Mythe: les troubles alimentaires ne touchent que les femmes
Dans l’imaginaire collectif, les hommes sont généralement mis de côté lorsqu’il est question de troubles alimentaires (T.A.). En effet, on peut constater leur absence, notamment à la télévision et au cinéma, où les personnages souffrant de troubles alimentaires sont habituellement incarnés par des jeunes femmes. L’association entre la maladie et le sexe féminin s’est installée comme un automatisme, puisque c’est l’image qui nous est constamment renvoyée.
Réalité: hommes et troubles alimentaires se conjuguent fréquemment
En revanche, les recherches démontrent que certains troubles alimentaires sont répartis de manière équivalente, et ce, sans égard au sexe. C’est le cas, entre autres, de l’hyperphagie boulimique (compulsions alimentaires sans comportement compensatoire) et de troubles non spécifiés comme la bigorexie (obsession de la musculation). Dans cette optique, pourquoi la représentation sociale des troubles alimentaires ne reflète-t-elle pas cette réalité? Essentiellement, les troubles précédemment nommés sont méconnus et l’intérêt porté envers ceux-ci n’est que récent. À titre d’exemple, le diagnostic de l’hyperphagie boulimique n’a été reconnu officiellement qu’en 2013, malgré le fait que ce trouble touche environ 10 % de la population générale.

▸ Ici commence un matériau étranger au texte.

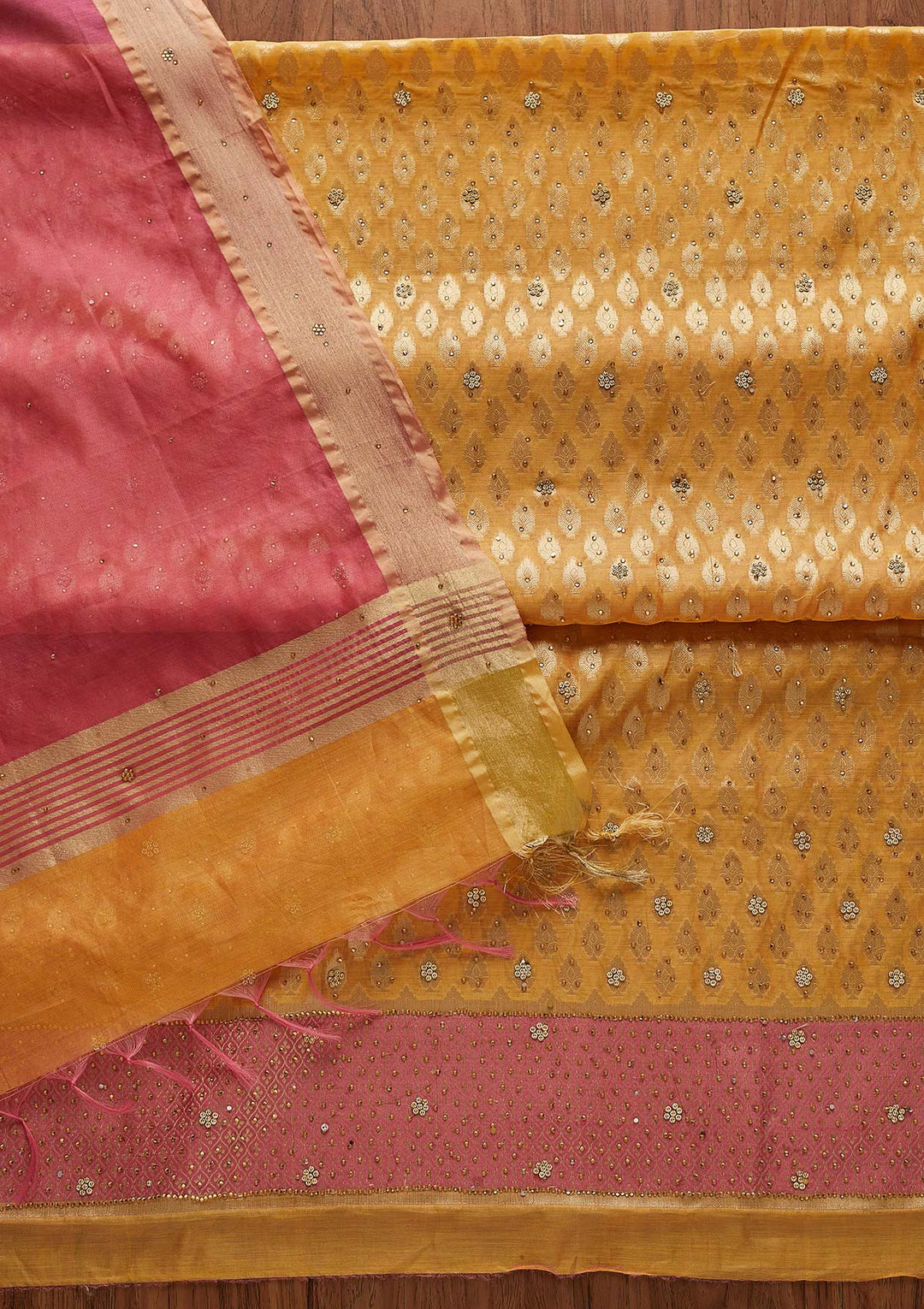 Orange Zariwork Brocade Designer Unstitched Salwar Suit - Koskii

Ce constat ne doit pas nous faire basculer vers la création d’un nouveau stéréotype. En ce sens, ma crainte est que ce soit le seul visage que l’on donne aux T.A. chez les hommes. Il peut sembler plus facile de concevoir qu’un homme soit axé vers l’obsession du muscle plutôt que vers des comportements anorexiques ou boulimiques. Ainsi, il est possible que les hommes ne cadrant pas avec cette image puissent vivre une détresse liée à un sentiment de marginalité au sein même du T.A.
Pas toujours facile, la demande d’aide!
Dans un premier temps, il peut être plus difficile pour les hommes et leur entourage de déceler cette problématique. La peur du jugement est susceptible de peser sur ceux-ci, notamment en raison de l’existence de l’étiquette de la maladie « de fille ». Un sentiment de honte ou de culpabilité peut s’ensuivre.
Dans un second temps, l’action de demander de l’aide représente un défi important. Cela s’explique principalement par la socialisation qui est très différente entre les hommes et les femmes. Généralement inconsciente, cette dernière hisse des comportements au rang de qualités et trace ainsi le portrait d’un idéal de la masculinité qui imprègne les exigences sociales. Plus les exigences de cette socialisation sont intégrées, plus les obstacles à la relation d’aide sont nombreux. La figure suivante permet d’illustrer ce contraste.
Suggestions de pistes d’intervention
- Prendre conscience que la demande d’aide arrive généralement à un moment critique. Reconnaître le courage issu de la démarche.
- Accepter que l’expression des émotions puisse être différente. Démontrer une capacité à tolérer les tensions engendrées par l’irritabilité, l’impatience et l’agressivité en les désamorçant.
- Approfondir les émotions en tenant compte des signes physiques ou comportementaux. Contextualiser, utiliser des analogies et des outils concrets. Éviter de transposer uniquement les méthodes d’intervention utilisées auprès d’une clientèle féminine.
Suggestions pour de meilleures pratiques en termes d’éducation et de sensibilisation liées aux troubles alimentaires
- S’assurer qu’on ne féminise pas notre discours lorsqu’on aborde les troubles alimentaires. Illustrer un pendant masculin dans les exemples. Ne pas minimiser l’impact de la maladie chez les hommes lors de présentation de statistiques.